RECORDS SHOWN:
▽

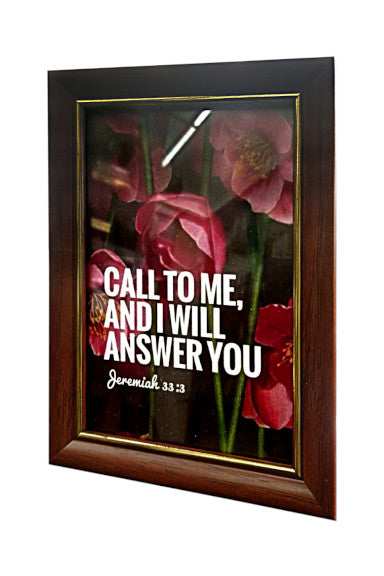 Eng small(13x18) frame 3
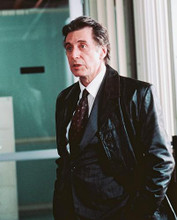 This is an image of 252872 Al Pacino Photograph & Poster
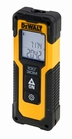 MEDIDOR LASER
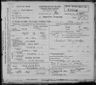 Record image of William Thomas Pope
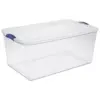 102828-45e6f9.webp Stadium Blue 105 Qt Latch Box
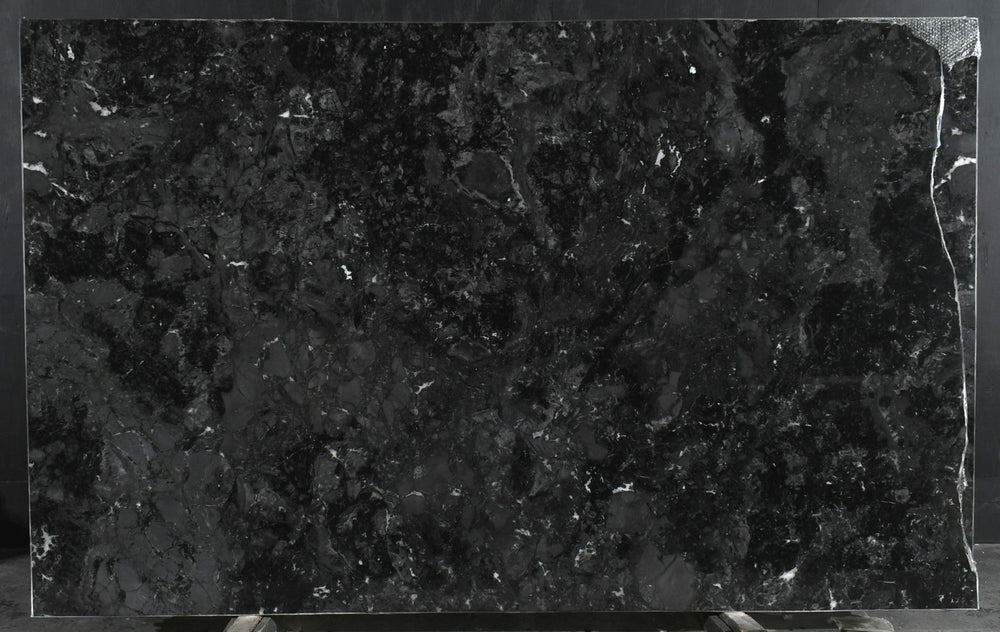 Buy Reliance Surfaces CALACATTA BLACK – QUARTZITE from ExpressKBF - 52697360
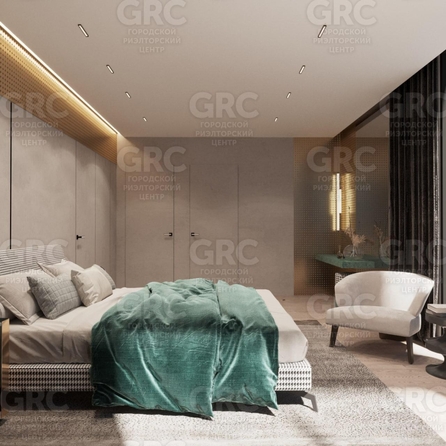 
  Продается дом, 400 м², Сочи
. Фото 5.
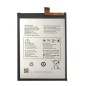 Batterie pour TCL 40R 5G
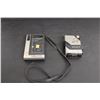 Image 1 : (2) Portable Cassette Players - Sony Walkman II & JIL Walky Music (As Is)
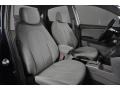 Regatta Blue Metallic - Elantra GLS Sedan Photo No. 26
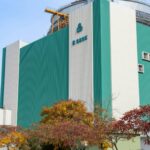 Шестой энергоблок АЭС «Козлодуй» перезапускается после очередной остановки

△
▽

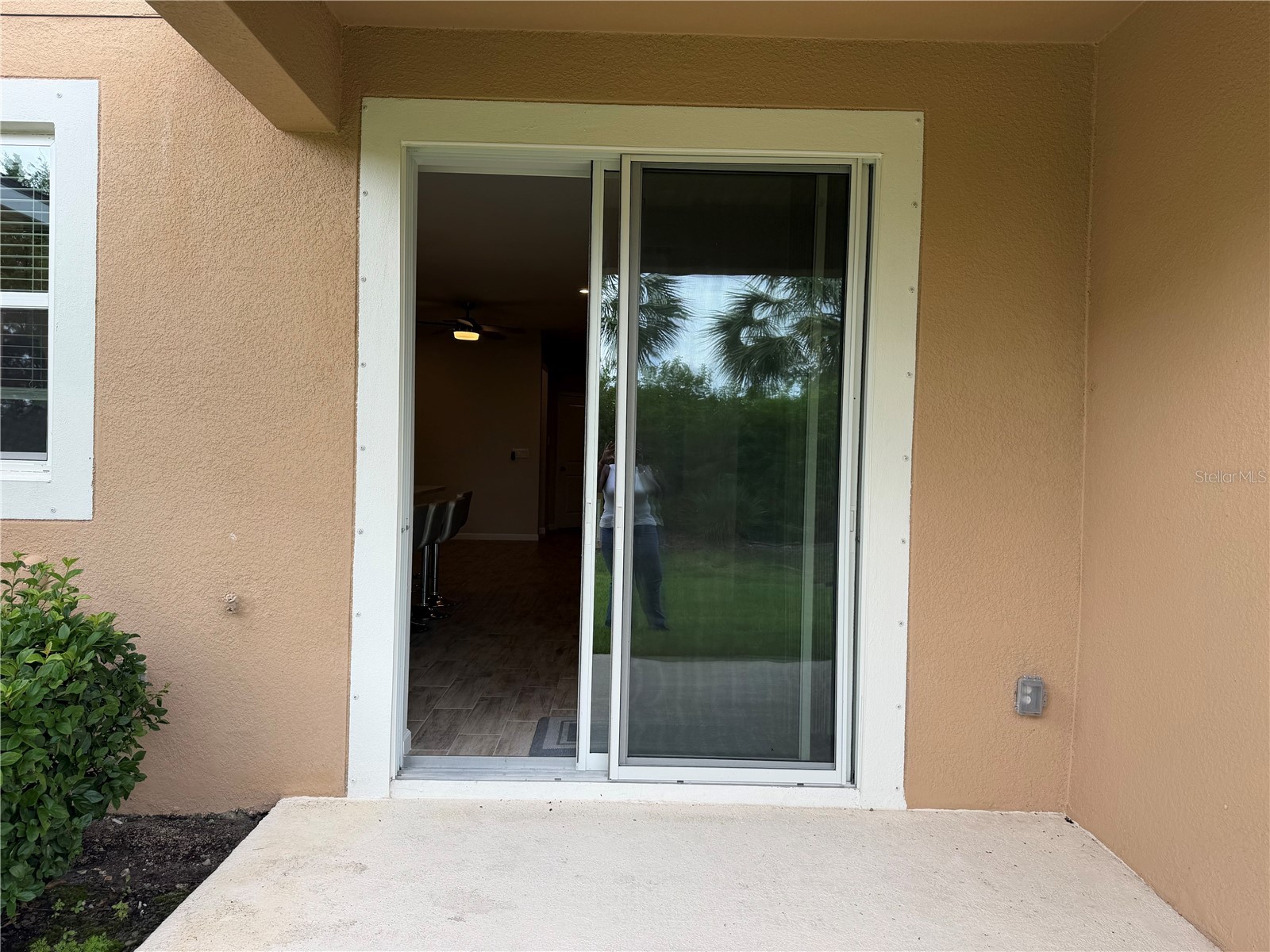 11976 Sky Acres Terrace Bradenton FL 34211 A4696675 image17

△

TASK STATEMENT: Your copy should hold the lines from the one with "MEDIDOR LASER" up to and including the one with "Image 1 : (2)", exactly as in the data above, and no pictures.

ANSWER TO THIS TASK:
 MEDIDOR LASER
 Record image of William Thomas Pope
 102828-45e6f9.webp Stadium Blue 105 Qt Latch Box
 Buy Reliance Surfaces CALACATTA BLACK – QUARTZITE from ExpressKBF - 52697360
  Продается дом, 400 м², Сочи
. Фото 5.
 Batterie pour TCL 40R 5G
 Image 1 : (2) Portable Cassette Players - Sony Walkman II & JIL Walky Music (As Is)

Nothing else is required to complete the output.